United Phosphorous
One-year beta 0.78
Institutional holding 55.61%
Current dividend yield 1.0%
Current P/E 13.5
Current m-cap Rs 6555.9 cr
Current market price Rs 149.15
United Phosphorous (UPL), with its wide product portfolio and worldwide presence, appears well placed to benefit from a boom in agriculture over the next few years. Long-term investors should consider including this evergreen stock to their portfolio.
Business:
Incorporated in 1969, United Phosphorous today is among top five generic agrochemicals manufacturers in the world. It has 23 manufacturing sites (nine in India, four in France, two in Spain, one each in UK, Vietnam, Argentina, Netherlands, Italy, Colombia and China) with a customer base spread across 86 countries. The company manufactures a wide spectrum of generic agrochemicals and specialty chemicals.
During FY09, the company derived 22% of its sales from North America, 21% from India, 32% from Europe and 25% from other countries, with all the regions reporting double-digit growth.
It has a wide domestic and global distribution network for the sale of its products worldwide and boasts of the largest agrochemical product portfolio in India. The company carried out a series of big-ticket buyouts during FY05 and FY08 to expand its geographical reach and product portfolio.
In November 2004, it bought US-based AG Value for $36 million, followed by Spanish company Cequisa and Indian Shaw Wallace Agrochemicals in Jun 05. In Nov 05 it bought Argentinean Reposo and Dutch seed manufacturer Advanta in Feb 06. Acquisition of South African Crop Serve was followed by French company Cerexagri in Nov 06. The Argentina-based ICONA in July 07 and Colombia-based Evofarms in Feb 08 were its recent most acquisitions. UPL has also purchased various agrochemical products from a number of global leaders such as Bayer, Dow Agrosciences and Du Pont.
Growth Drivers:
After several years of aggressive inorganic growth, UPL has settled into consolidation. In FY09, the company didn’t make any significant buy-outs and is not likely to go in for one in FY10 either. At a time when the growth in demand for food has outstripped the growth in supply, the pressure on agriculture has increased to improve farm yields the world over.

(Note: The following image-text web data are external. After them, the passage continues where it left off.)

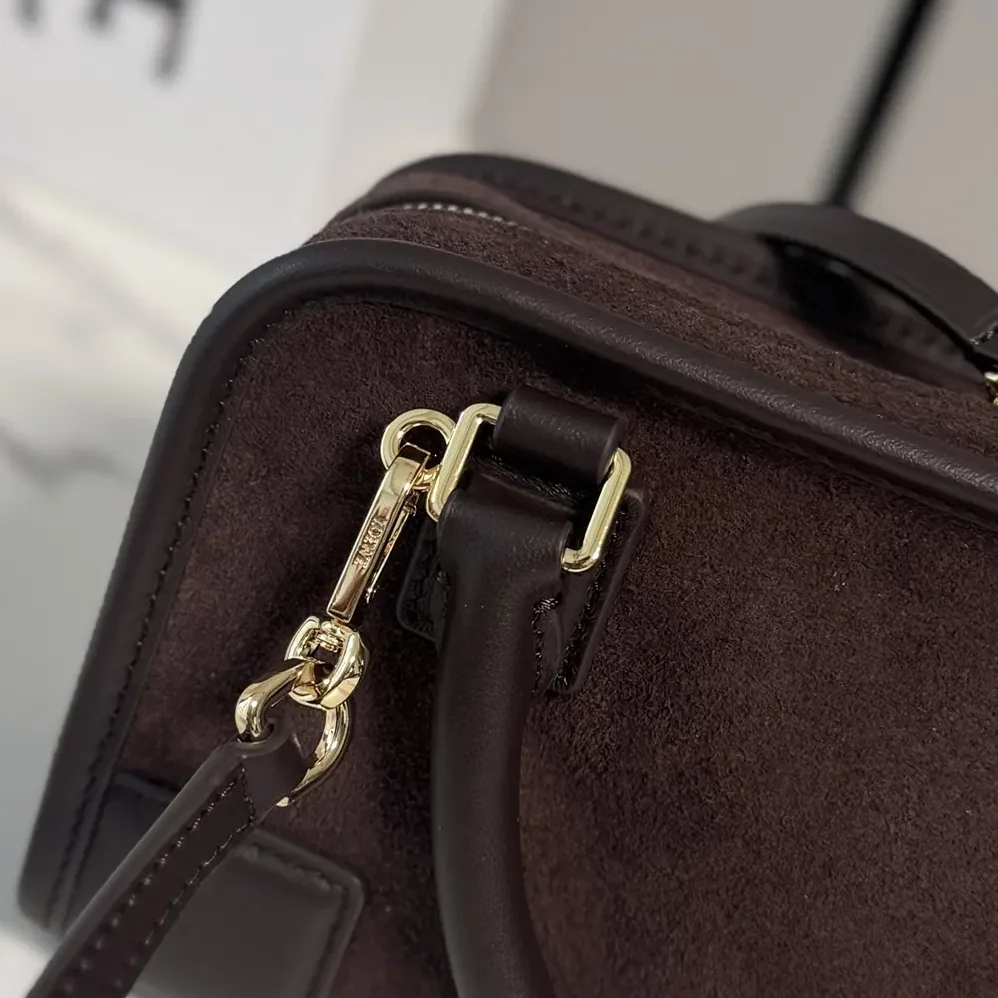 Loewe Mini Amazona 180 Bag in Suede for Women in Dark Chestnut Loewe Mini Amazona 180 Bag in Suede for Women in Dark Chestnut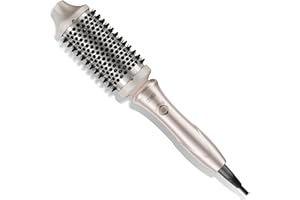 TYMO 2.0 Thermal Brush Curling Brush - STYLUX 1.7" Blowout Volumizer with Flexi-Fit for Hair Straightening, Heated Round Styler Tool, Hair Straightener and Curler 2 in 1, Dual Voltage & Light, Gold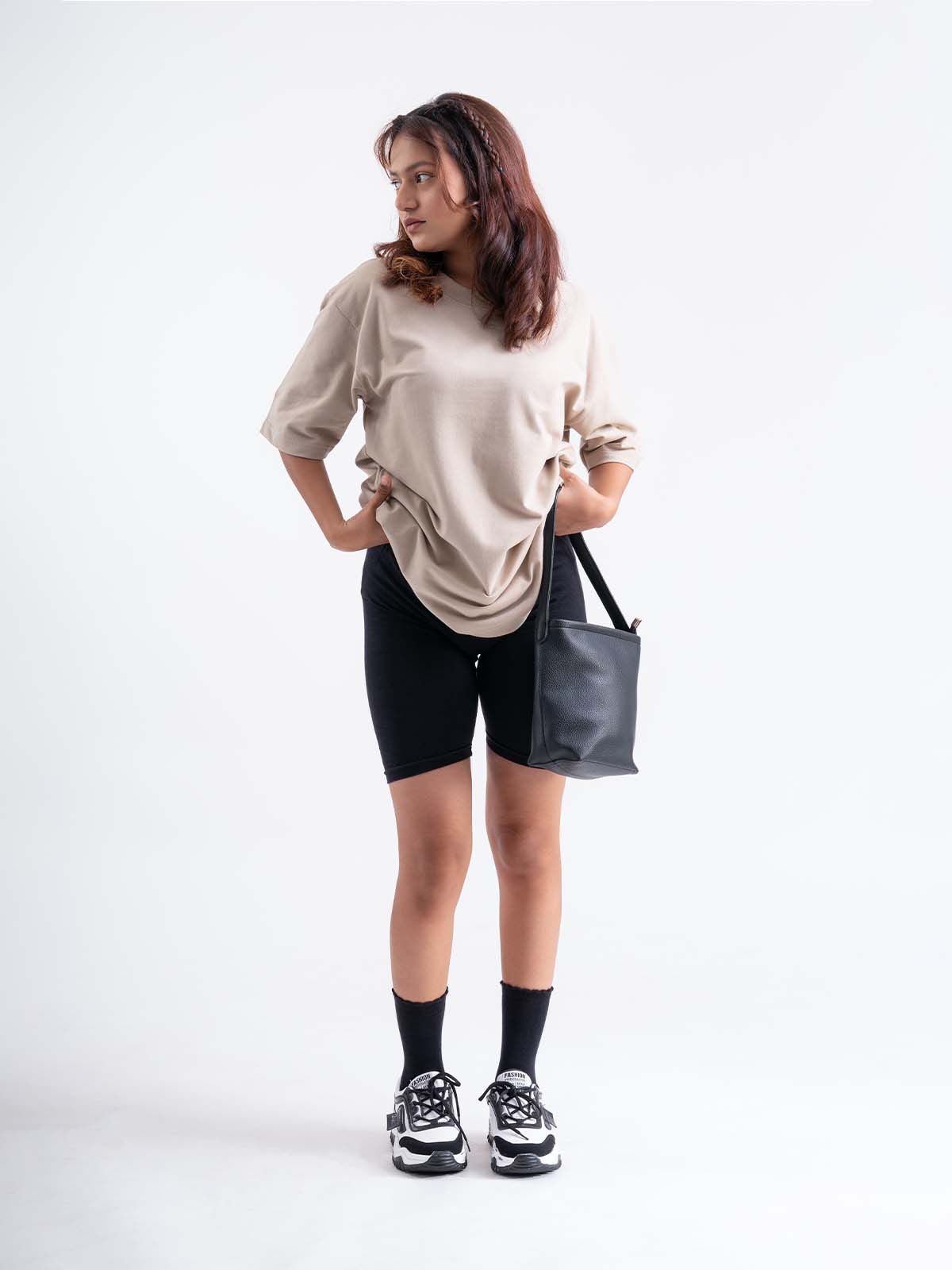 Beige Oversized Drop Shoulder  T-shirt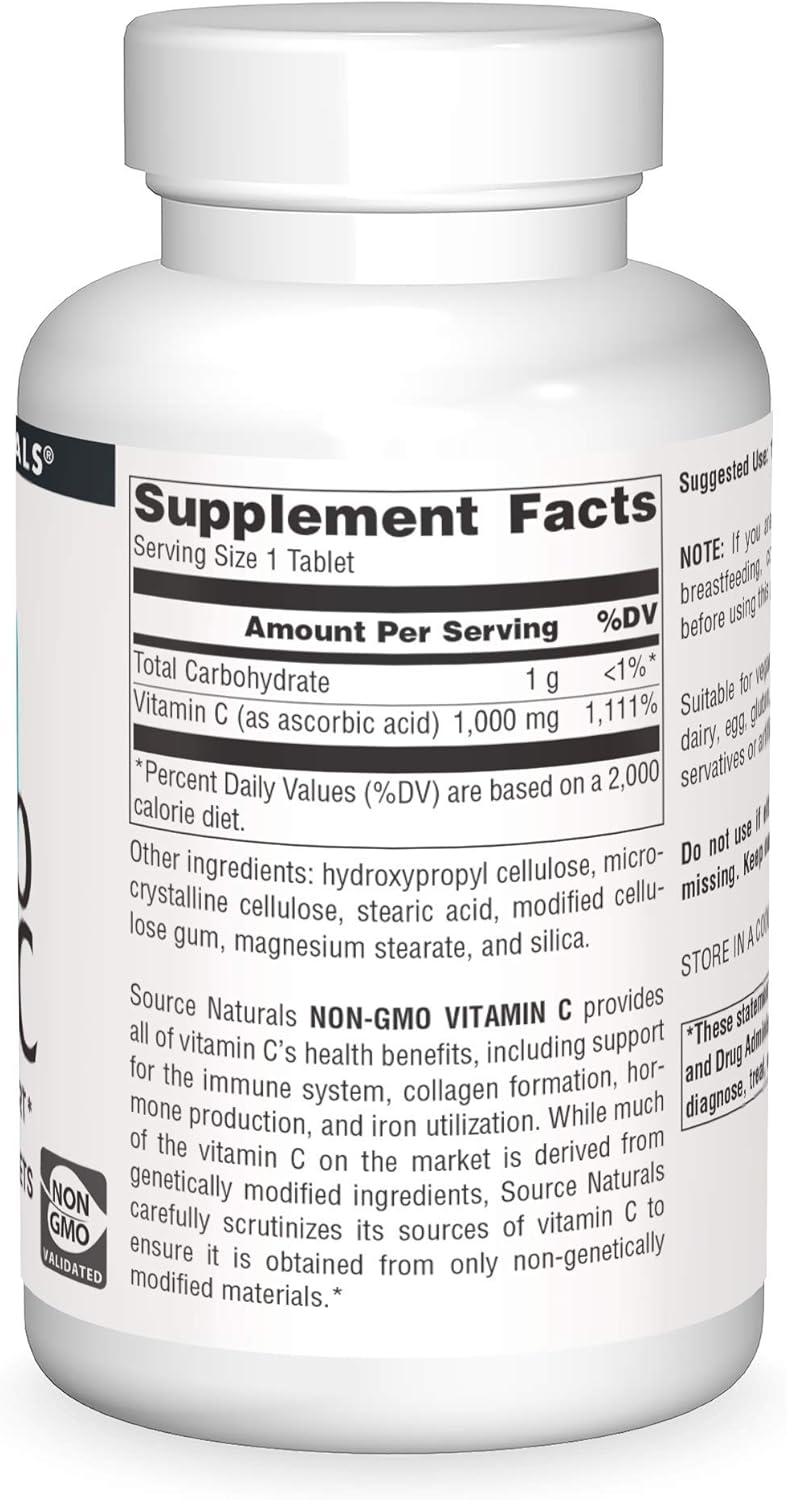 Non-GMO Vitamin C Tablet by SOURCE NATURALS - 120 Count Bottle for Immune Support and Antioxidant Boost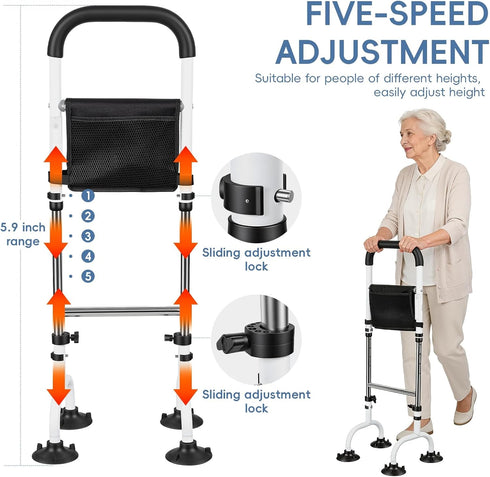 YOXIER 5 36'', 5lbs, 350lbs Canes for Men, Bed Rails for Seniors, Height Adjustments Canes for Seniors, Couch Stand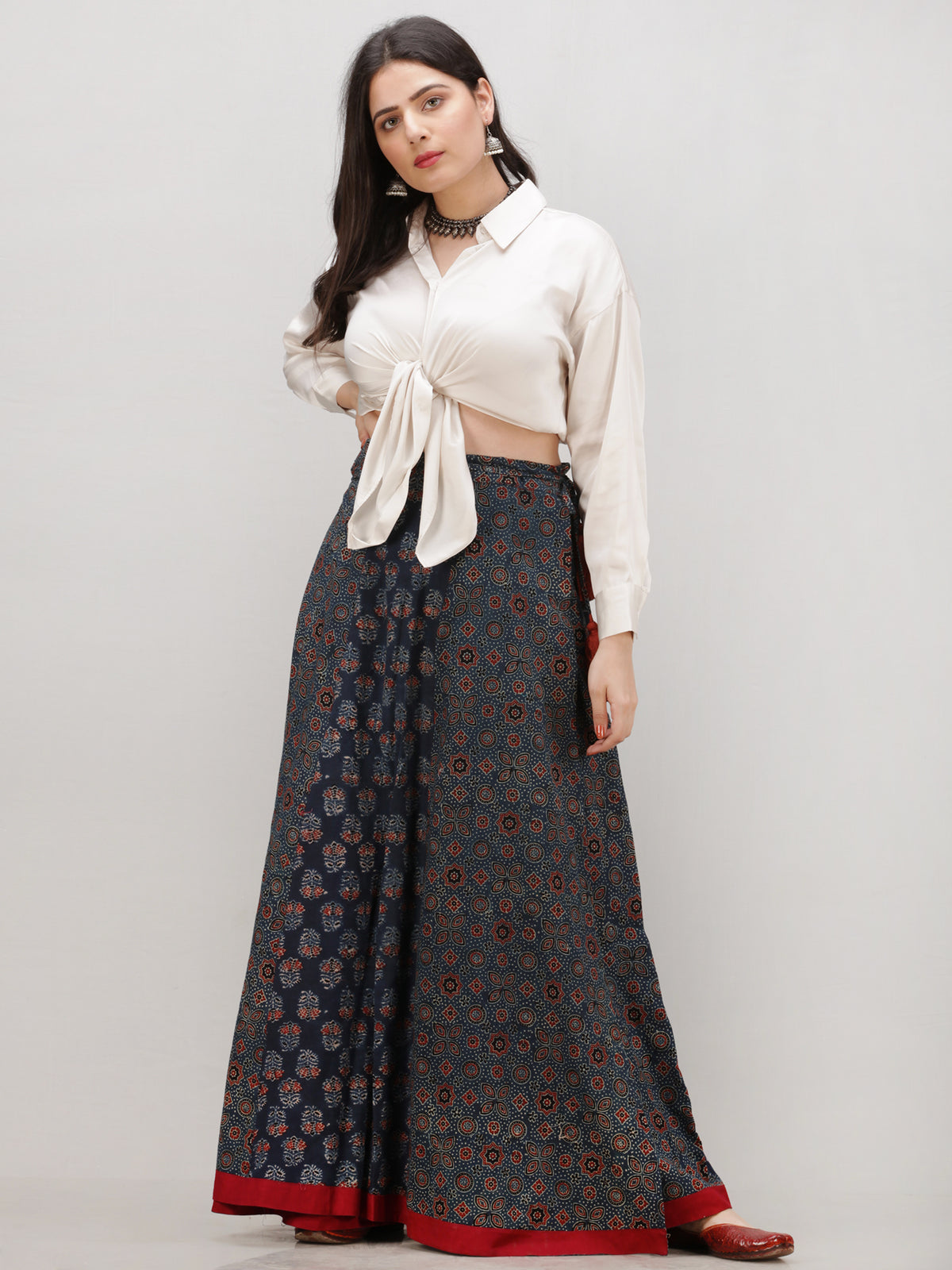 Buy Online Womens Split Wide Leg Long Embroidered Rayon Wrap Palazzo Pant   Zifiticom 522710
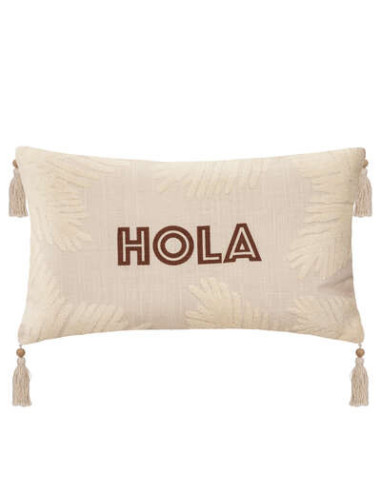 Cojín bordado "Alicante" marfil 38x58cm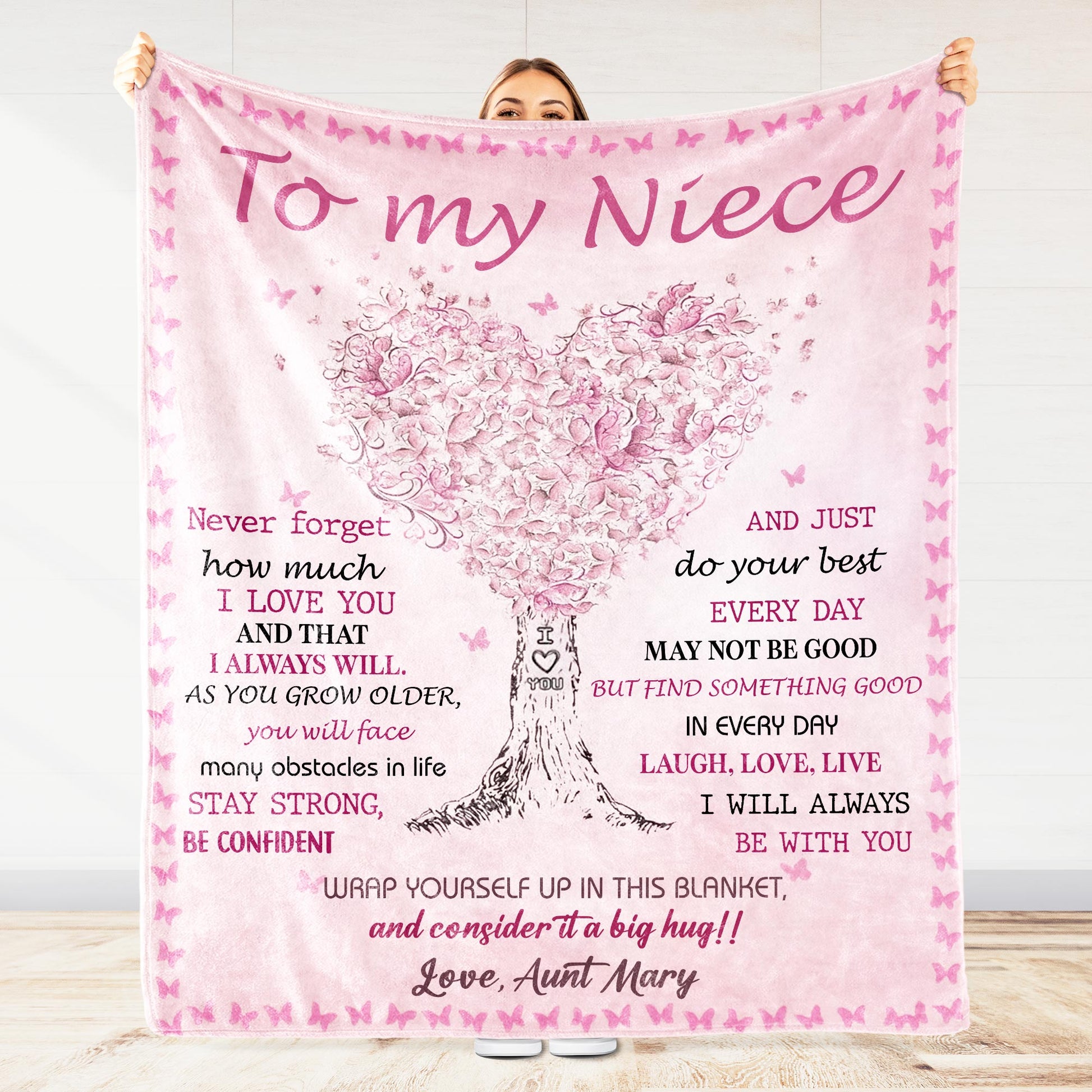 To My Niece, Love and Encouragement Tree and Butterflies Blanket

Higher commodity prices have also resulted in higher liquidity in the hands of farmers, increasing their ability to invest in agriculture. This augurs well for the global agrochemicals industry, which after several years of single digit growth, witnessed over 10% of real growth in FY09. In fact, the global economic slowdown is unlikely to take a toll on agriculture.
United Phosphorous, with a wide product portfolio and expansive geographical reach, is well placed to benefit in this scenario. The company has a healthy track record of sales and profit growth, while maintaining strong operating margins over the past five years. The company has been regularly introducing new products to its various markets and has earmarked a capex of Rs 300 crore for FY10 on plant expansions and new product registrations.
Financials:
During the FY09, UPL reported a 37% spurt in its net sales to Rs 4,802 crore, out of which 8% was from rupee depreciation, 15% due to higher prices and 14% due to an increase in quantity.
The company’s borrowing in FY09 increased by Rs 504 crore to Rs 2,073 crore as on March 31, 2009 mainly due to loans given to group company Advanta, repricing of forex loans and rise in working capital. To fund its inorganic growth, the company had raised $225 million through the issue of FCCBs in FY05 and FY07. Of these, FCCBs worth $157.1 million have been converted into equity shares and $67.9 million are outstanding.
Valuation:
At the current market price of Rs 149.15, the scrip is trading at 13.5 times its earnings for the year ended March 2009. We expect the company to end FY10 with an EPS of Rs 13.1, which discounts the current price by 11.4 times. Its peers like Bayer Crop science and Rallis India are currently trading at P/E of 11-13.